Data under study START

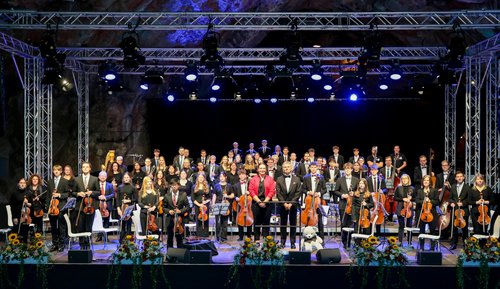 Mit dem Auftritt in der Balver Höhle ist für das Märkische Jugendsinfonieorchester (MJO) ein Traum in Erfüllung gegangen. Foto: Sebastian Sendlak
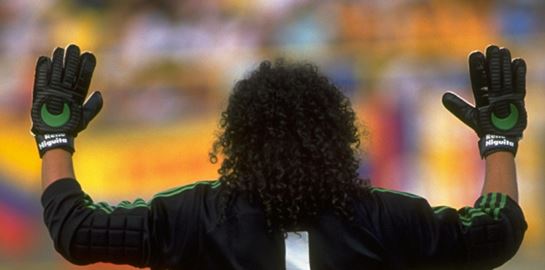 Ένας τερματοφύλακας ανάμεσα στα καρτέλ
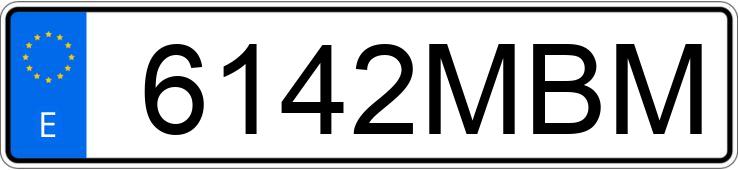 Numer rejestracyjny 6142MBM posiada FIAT 500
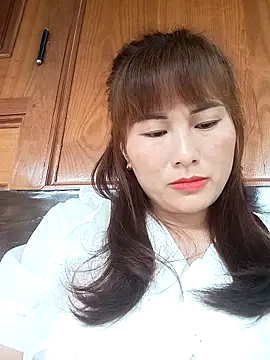 Lucxy-ki6 online show from April 23, 8:00 am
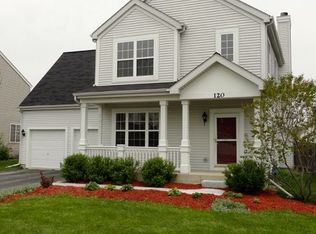 120 W Newbridge Ln, Round Lake, IL 60073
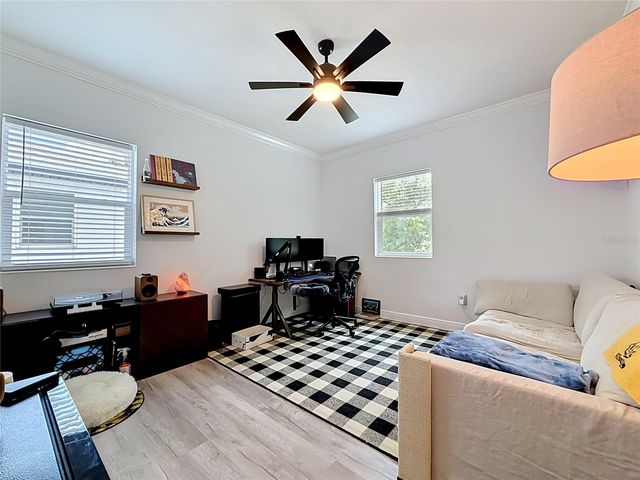 525 ELM STREET, Safety Harbor, FL 34695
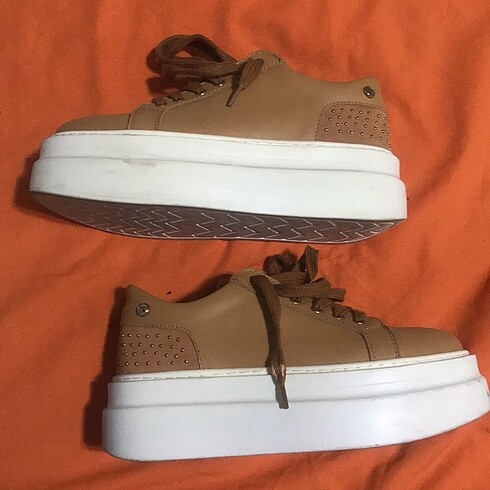 Deri su geçirmez sneaker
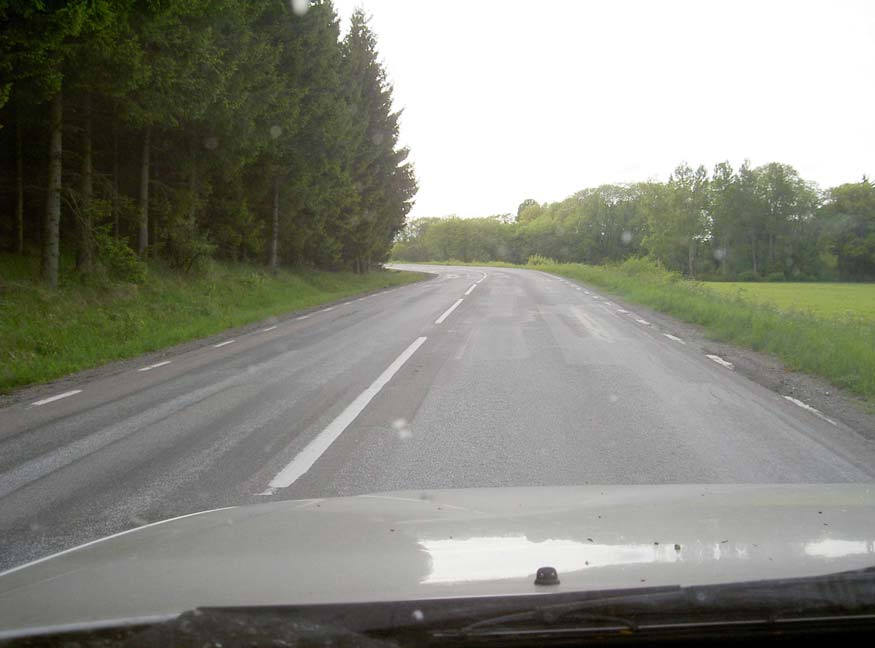 VTI meddelande 967 2004 Effekt på hastighet och sidoacceleration av läget hos rotationscentrum för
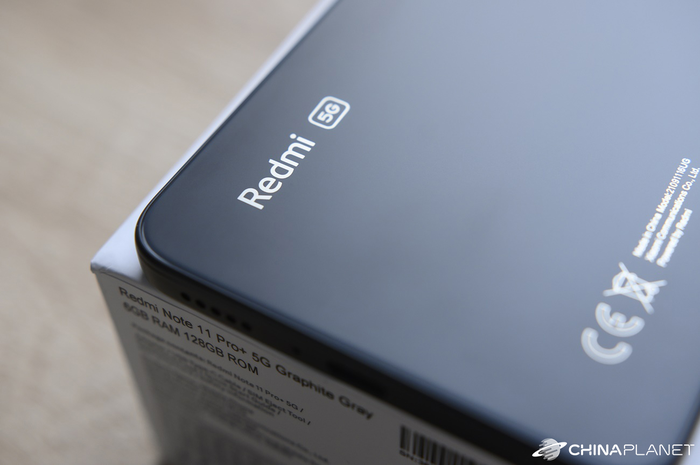 Ilustrasi logo Redmi di Redmi Note 11 Pro+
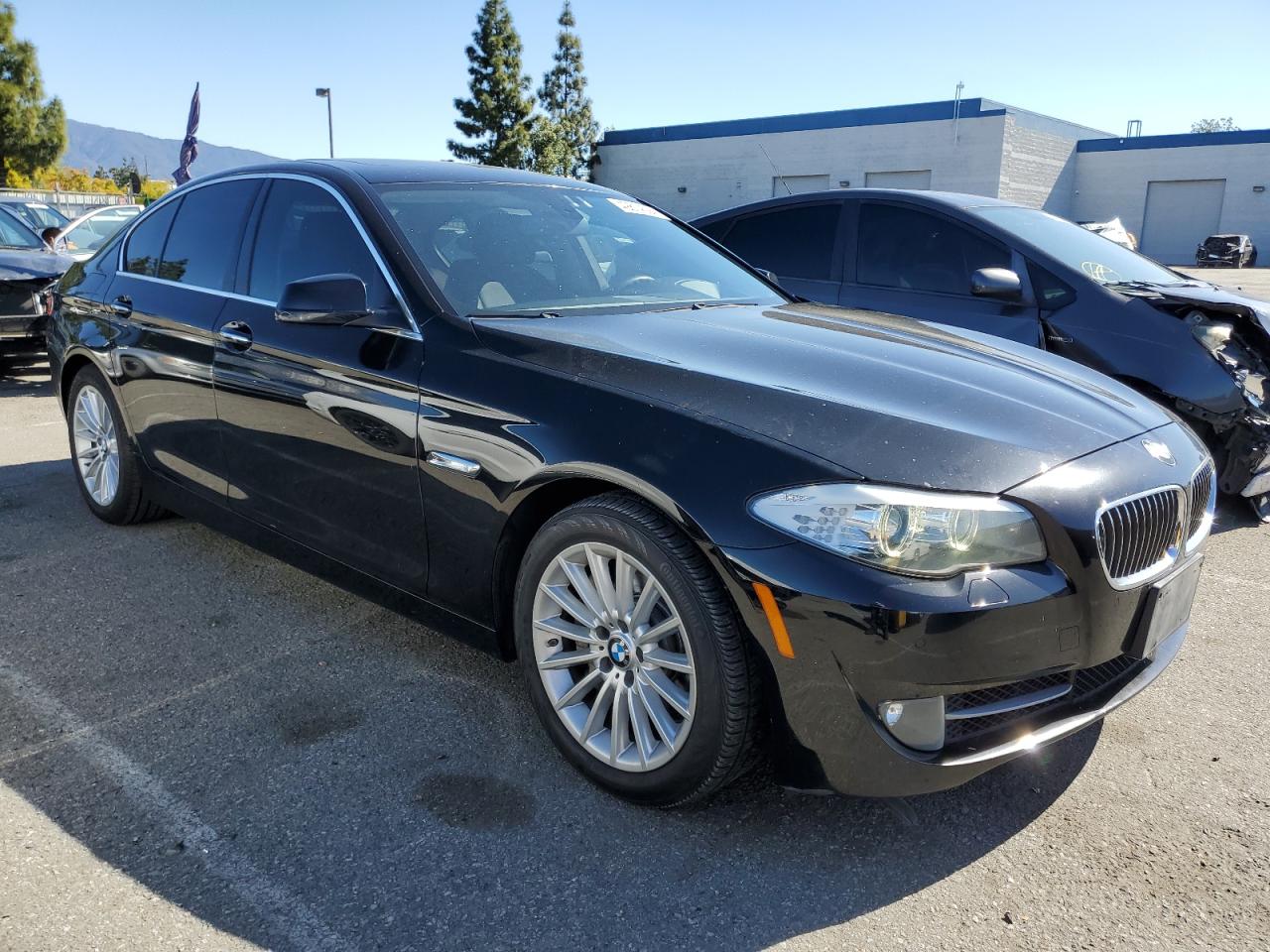 Photo 3 VIN: WBAFR7C50DC823609 - BMW 5ER 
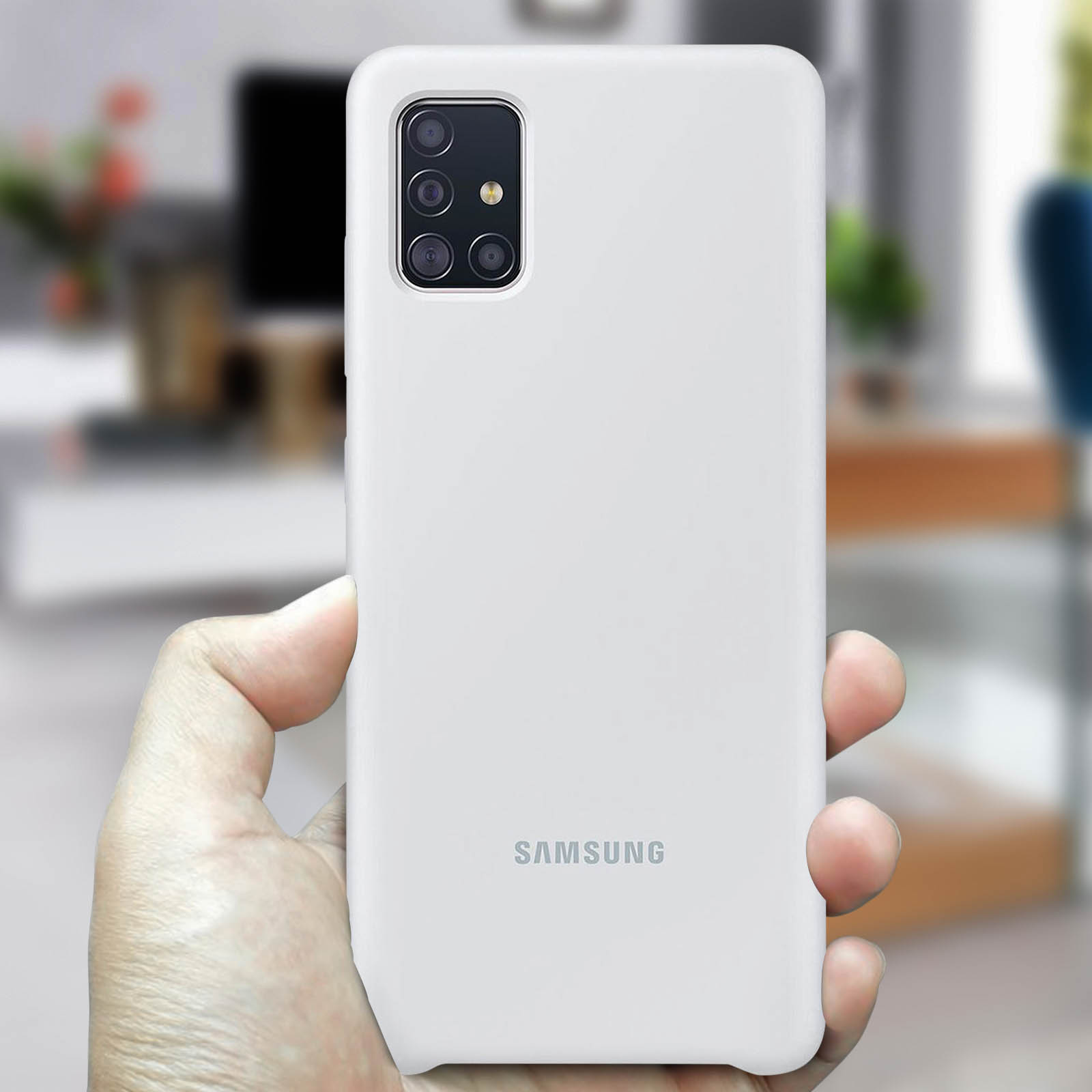Hand hält weiße Samsung-Handyhülle. Samsung-Logo sichtbar. Verschwommener Hintergrund.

Data under study END

• [Work order] Pictures are to be left out; the lines from the start of the records above through the line holding "Deri su geçirmez sneaker" are to be returned exactly.

• [Result below]
 Mit dem Auftritt in der Balver Höhle ist für das Märkische Jugendsinfonieorchester (MJO) ein Traum in Erfüllung gegangen. Foto: Sebastian Sendlak
 Ένας τερματοφύλακας ανάμεσα στα καρτέλ
 Numer rejestracyjny 6142MBM posiada FIAT 500
 Lucxy-ki6 online show from April 23, 8:00 am
 120 W Newbridge Ln, Round Lake, IL 60073
 525 ELM STREET, Safety Harbor, FL 34695
 Deri su geçirmez sneaker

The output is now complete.